Respondent kept a detailed accounting of his wagers and every day noted his winnings and losses in a record book. In 1978, he had gross winnings of $70,000, but he bet $72,032; he thus realized a net gambling loss for the year of $2,032.

Respondent received $6,498 in income from other sources in 1978. This came from interest, dividends, capital gains, and salary earned before his job was terminated.

On the federal income tax return he filed for the calendar year 1978 respondent report as income only the $6,498 realized from nongambling sources. He did not report any gambling winnings or deduct any gambling losses.[3] He did not itemize deductions. Instead, he computed his tax liability from the tax tables.

Upon audit, the Commissioner of Internal Revenue determined that respondent's $70,000 in gambling winnings were to be included in his gross income and that, pursuant to § 165(d) of the Code, 26 U.S. C. § 165(d), a deduction was to be allowed for his gambling losses to the extent of these gambling gains. But the Commissioner further determined that, under the law as it was in 1978, a portion of respondent's $70,000 gambling-loss deduction was an item of tax preference and operated to subject him to the minimum tax under § 56(a) of the Code, 26 U.S. C. § 56(a) (1976 ed.).

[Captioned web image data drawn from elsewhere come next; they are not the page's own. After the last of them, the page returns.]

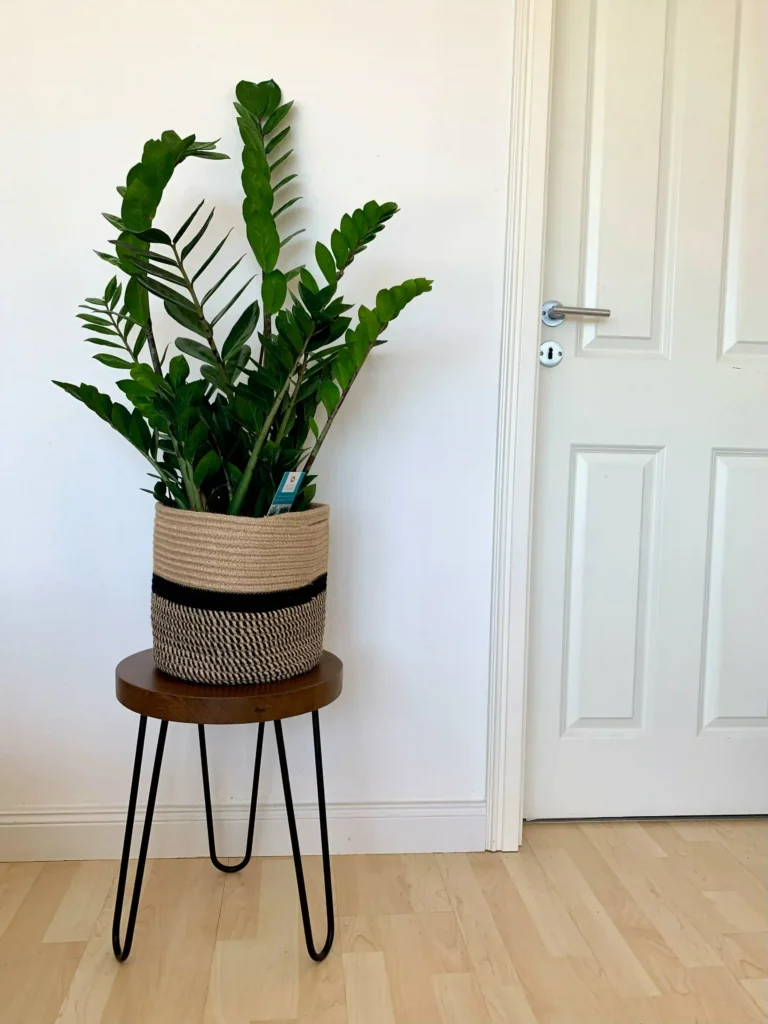 dębowy taboret loft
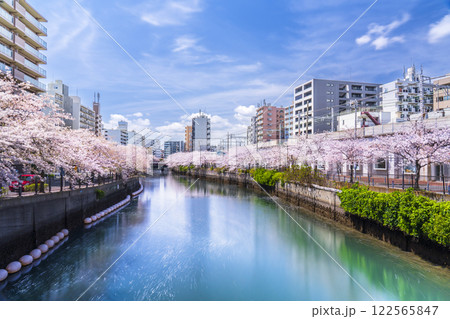 春の横浜の都市風景　「大岡川プロムナード」の桜並木【神奈川県・横浜市】 122565847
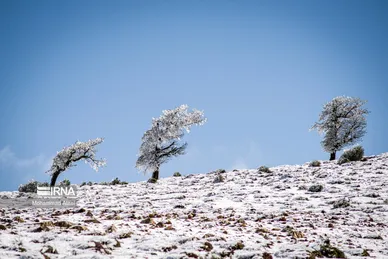 ایران زیباست | گلستان برفی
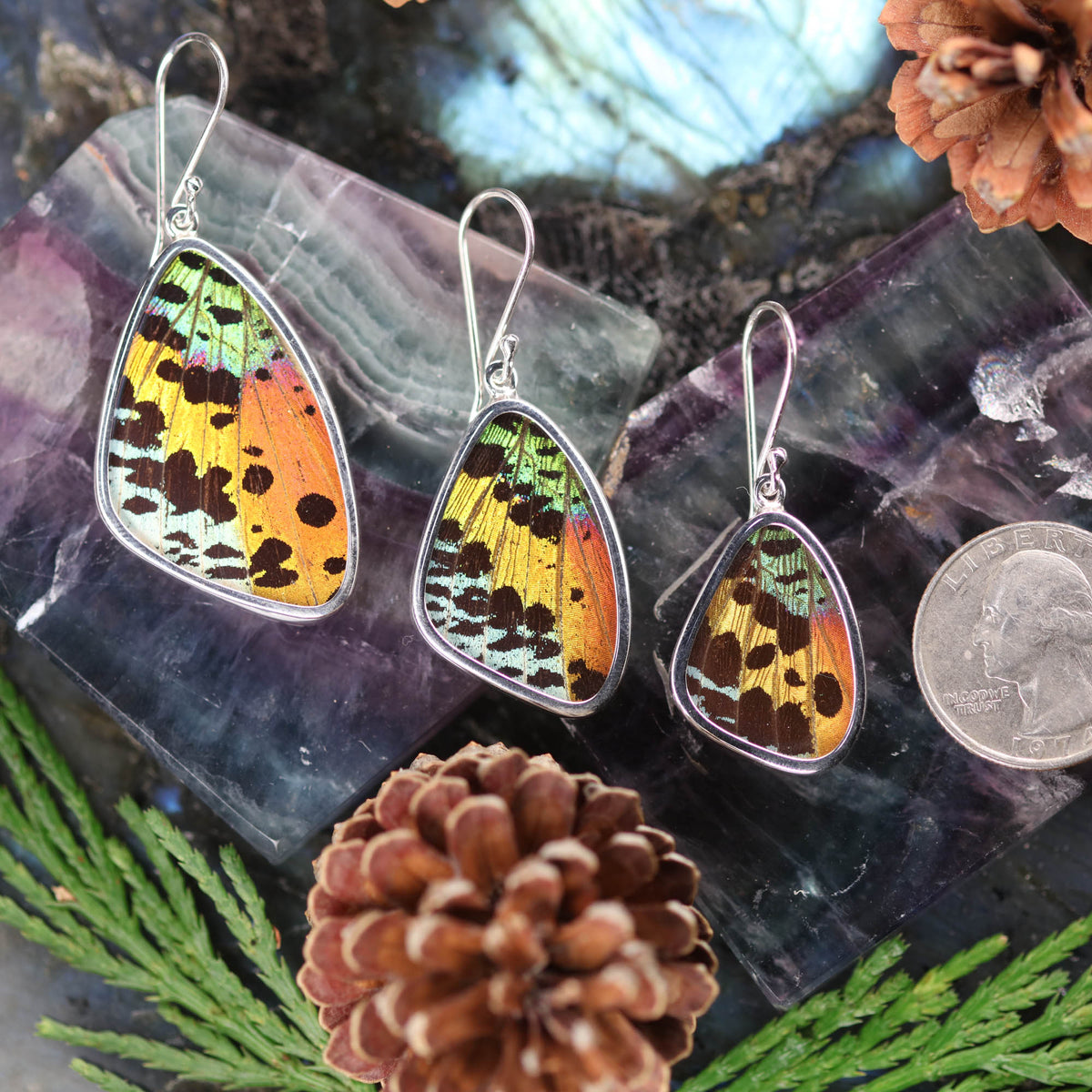 Brimstone Wing Butterfly cheapest earrings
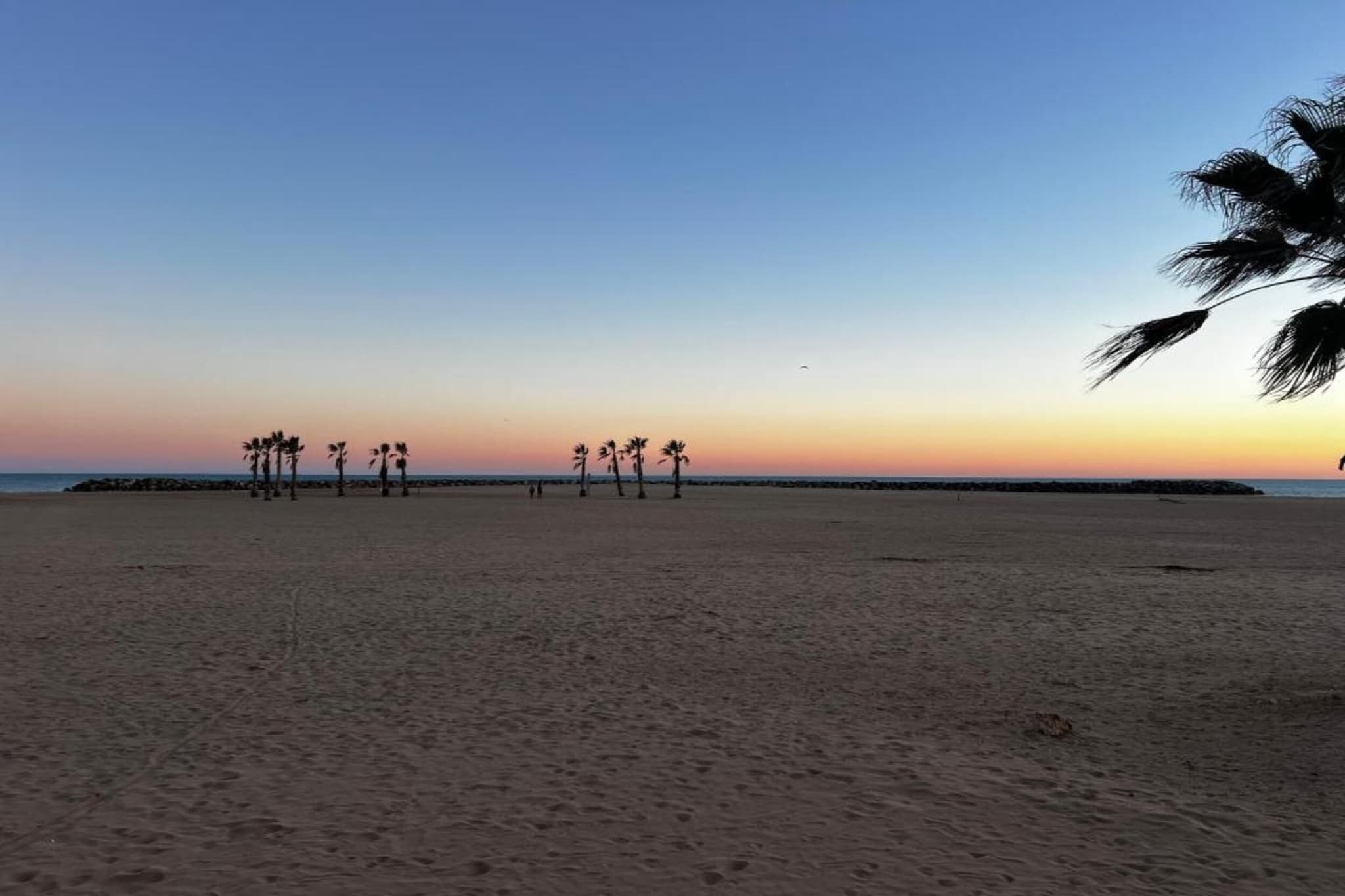 La Dune N°33 - Villa 2P4-Areas summer 1km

At that time, under statutory provisions in effect from 1976 until 1982, "items of tax preference" were lessened by certain deductions, but not by deductions not "attributable to a trade or business carried on by the taxpayer." §§ 57(a)(1) and (b)(1)(A), and § 62(1), 26 U.S. C. §§ 57(a)(1) and (b)(1)(A), and § 62(1) (1976 ed. and Supp. I).[4]

These determinations by the Commissioner produced a § 56(a) minimum tax of $2,142 and, with certain other adjustments not now in dispute, resulted in a total asserted tax deficiency of $2,522 for respondent for 1978.

Respondent sought redetermination of the deficiency in the United States Tax Court. That court, in a reviewed decision, with only two judges dissenting, held that respondent was in the trade or business of gambling, and that, as a consequence, no part of his gambling losses constituted an item of tax preference in determining any minimum tax for 1978. 82 T.C. 793 (1984). In so ruling, the court adhered to its earlier court-reviewed decision in Ditunno v. Commissioner, 80 T.C. 362 (1983). The court in Ditunno, id., at 371, had overruled Gentile v. Commissioner, 65 T.C. 1 (1975), a case where it had rejected the Commissioner's contention (contrary to his position here) that a full-time gambler was in a trade or business and therefore was subject to self-employment tax.

The United States Court of Appeals for the Seventh Circuit affirmed. 771 F.2d 269 (1985). Because of a conflict on the issue among Courts of Appeals,[5] we granted certiorari. 475 U.S. 1080 (1986).